I have had a secured credit card with my credit union, Self-Help FCU for 6 years. Every so often, I add more to the deposit, and it is now at $1750. I recently asked them if I could take the deposit off of the card, and they declined, saying that although my student loans are in deferment, they are required to calculate an estimated monthly payment based on the current balances.

These balances are fairly high, however, I was planning to take advantage of the Public Service Loan Forgiveness Program (PSLF) along with Income-Based Repayment once I graduate. It seems, though, that they aren't taking into account Income-Based Repayment or PSLF when calculating how much they think I'll owe once I'm out of school.

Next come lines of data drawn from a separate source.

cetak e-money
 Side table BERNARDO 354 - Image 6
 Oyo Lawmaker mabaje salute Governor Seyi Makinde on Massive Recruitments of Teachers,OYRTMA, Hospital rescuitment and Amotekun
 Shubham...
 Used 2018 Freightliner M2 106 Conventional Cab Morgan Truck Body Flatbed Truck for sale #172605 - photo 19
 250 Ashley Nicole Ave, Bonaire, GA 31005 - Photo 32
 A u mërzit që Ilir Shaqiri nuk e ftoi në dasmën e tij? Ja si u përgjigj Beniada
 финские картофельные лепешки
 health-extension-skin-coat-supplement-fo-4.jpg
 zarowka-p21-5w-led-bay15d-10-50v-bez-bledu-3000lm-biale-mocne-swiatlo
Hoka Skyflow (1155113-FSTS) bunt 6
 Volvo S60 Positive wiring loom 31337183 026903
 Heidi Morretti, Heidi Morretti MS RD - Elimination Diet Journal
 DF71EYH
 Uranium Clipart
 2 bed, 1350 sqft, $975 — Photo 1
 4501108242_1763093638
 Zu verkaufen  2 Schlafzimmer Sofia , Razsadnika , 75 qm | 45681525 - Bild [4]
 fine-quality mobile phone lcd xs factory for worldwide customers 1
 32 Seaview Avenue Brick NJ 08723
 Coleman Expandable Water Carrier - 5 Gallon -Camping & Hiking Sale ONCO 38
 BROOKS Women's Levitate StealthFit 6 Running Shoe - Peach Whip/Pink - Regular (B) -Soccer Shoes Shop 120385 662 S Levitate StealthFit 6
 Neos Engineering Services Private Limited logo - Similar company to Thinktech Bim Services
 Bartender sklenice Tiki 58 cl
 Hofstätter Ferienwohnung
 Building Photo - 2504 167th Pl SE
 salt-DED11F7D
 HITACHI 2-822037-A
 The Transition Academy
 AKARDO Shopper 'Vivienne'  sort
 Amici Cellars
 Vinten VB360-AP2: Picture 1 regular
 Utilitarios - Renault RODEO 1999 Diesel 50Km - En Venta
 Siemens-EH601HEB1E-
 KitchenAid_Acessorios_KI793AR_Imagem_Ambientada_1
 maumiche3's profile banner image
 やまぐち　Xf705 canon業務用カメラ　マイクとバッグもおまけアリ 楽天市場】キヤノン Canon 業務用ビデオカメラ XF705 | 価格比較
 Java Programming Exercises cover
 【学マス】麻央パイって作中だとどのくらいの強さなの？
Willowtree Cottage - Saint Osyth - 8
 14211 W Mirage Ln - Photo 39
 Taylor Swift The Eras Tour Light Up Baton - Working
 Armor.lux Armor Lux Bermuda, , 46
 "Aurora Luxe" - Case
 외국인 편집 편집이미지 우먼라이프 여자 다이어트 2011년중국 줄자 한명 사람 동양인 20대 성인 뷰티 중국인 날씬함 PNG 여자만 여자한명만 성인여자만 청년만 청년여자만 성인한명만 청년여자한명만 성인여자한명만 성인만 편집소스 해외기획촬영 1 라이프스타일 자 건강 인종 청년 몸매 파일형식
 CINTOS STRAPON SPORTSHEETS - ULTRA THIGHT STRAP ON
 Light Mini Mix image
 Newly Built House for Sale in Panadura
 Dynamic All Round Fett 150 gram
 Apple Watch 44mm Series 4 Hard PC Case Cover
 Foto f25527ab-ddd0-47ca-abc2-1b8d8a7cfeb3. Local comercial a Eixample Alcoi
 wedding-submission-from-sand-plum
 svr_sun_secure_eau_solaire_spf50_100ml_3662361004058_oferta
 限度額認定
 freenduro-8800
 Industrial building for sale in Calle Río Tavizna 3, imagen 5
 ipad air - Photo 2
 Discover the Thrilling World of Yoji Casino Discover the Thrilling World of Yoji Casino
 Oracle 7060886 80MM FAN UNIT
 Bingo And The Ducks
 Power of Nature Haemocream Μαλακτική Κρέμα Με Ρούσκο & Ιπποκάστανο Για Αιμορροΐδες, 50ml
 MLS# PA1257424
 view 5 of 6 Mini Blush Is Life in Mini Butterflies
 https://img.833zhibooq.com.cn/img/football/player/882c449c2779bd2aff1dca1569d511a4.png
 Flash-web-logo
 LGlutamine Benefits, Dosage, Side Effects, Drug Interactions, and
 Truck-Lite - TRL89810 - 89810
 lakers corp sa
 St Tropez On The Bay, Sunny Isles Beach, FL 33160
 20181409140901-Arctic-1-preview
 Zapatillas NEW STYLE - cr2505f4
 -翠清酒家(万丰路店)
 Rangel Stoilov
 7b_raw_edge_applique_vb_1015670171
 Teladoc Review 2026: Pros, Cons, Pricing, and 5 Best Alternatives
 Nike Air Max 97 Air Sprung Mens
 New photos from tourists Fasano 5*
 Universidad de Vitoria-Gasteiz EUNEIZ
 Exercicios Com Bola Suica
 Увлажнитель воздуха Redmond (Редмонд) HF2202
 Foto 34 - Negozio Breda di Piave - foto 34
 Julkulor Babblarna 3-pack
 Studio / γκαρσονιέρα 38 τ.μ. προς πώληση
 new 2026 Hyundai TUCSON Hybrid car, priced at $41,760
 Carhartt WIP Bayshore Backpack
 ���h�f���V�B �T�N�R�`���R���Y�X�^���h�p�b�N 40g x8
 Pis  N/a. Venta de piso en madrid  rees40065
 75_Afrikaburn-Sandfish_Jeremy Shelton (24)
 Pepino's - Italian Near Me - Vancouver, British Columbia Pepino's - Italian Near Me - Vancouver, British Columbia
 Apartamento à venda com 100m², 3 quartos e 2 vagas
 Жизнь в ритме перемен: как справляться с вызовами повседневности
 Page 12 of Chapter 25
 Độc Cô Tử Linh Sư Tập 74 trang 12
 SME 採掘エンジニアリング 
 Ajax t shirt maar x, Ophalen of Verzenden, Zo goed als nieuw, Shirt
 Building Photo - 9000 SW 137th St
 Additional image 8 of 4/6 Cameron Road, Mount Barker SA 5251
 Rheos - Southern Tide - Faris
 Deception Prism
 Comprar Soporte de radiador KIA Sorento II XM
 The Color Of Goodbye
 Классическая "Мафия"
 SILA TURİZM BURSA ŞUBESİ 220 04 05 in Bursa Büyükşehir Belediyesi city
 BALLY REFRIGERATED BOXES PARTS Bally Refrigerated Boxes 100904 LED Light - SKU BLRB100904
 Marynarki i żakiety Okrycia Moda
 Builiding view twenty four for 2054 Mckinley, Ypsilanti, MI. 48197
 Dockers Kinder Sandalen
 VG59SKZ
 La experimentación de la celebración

I guess I'm wondering; they didn't tell me what the formula is for computing this estimated monthly payment or for deciding how much income I would need in order to pay my student loans. I get the sense that this is a standard calculation performed by lenders, and so I am curious how to find out what my income would need to be in order to re-apply.

Second, I'm wondering if anyone has had luck getting credit unions or banks to consider your actual payments while in-school instead of these imaginary payments they think you need to be paying. I get the sense that this is the reason that other lenders are denying me as well, but I'm not really sure where to go from here.

Finally, given that I have 5 other cards, maybe I should just close this one and get my deposit back? But on the other hand, that would mean a closure of a 6 year account and a drop in total credit by $1750, which seems terrible. It just seems unfair that I won't ever get that deposit back despite having paid on time for so many years and demonstrating I can handle that level of credit, but I guess there's nothing "fair" about the credit game...

1 Answer 1


If it were me, I'd close the account and get the deposit back.

Take that $1750 and bank it up.

Your credit score is only useful when you need credit - that $1750, if saved, is one step closer to preventing you from needing to borrow money the next time, which would make your credit score a bit less relevant. Especially with those loans and 5 other cards - one account closing now might lower your average age of accounts, but it shouldn't make a significant difference to your score or report

Also - if you're relatively young and have a thin credit file, and are looking for a new unsecured line to open, try capital one s journey or other "student" cards. They have relatively low criteria for entry and will be unsecured, with automatic credit line increases (that's what I started with)

If you already have 5 open cards, I wouldn't worry too much about closing one. Keep your balances in check, NEVER MISS A PAYMENT, and you'll be perfectly fine.

That debt to income calculation they're doing sounds weird, I would imagine you'd be able to overcome that with other card issues but I'm not sure.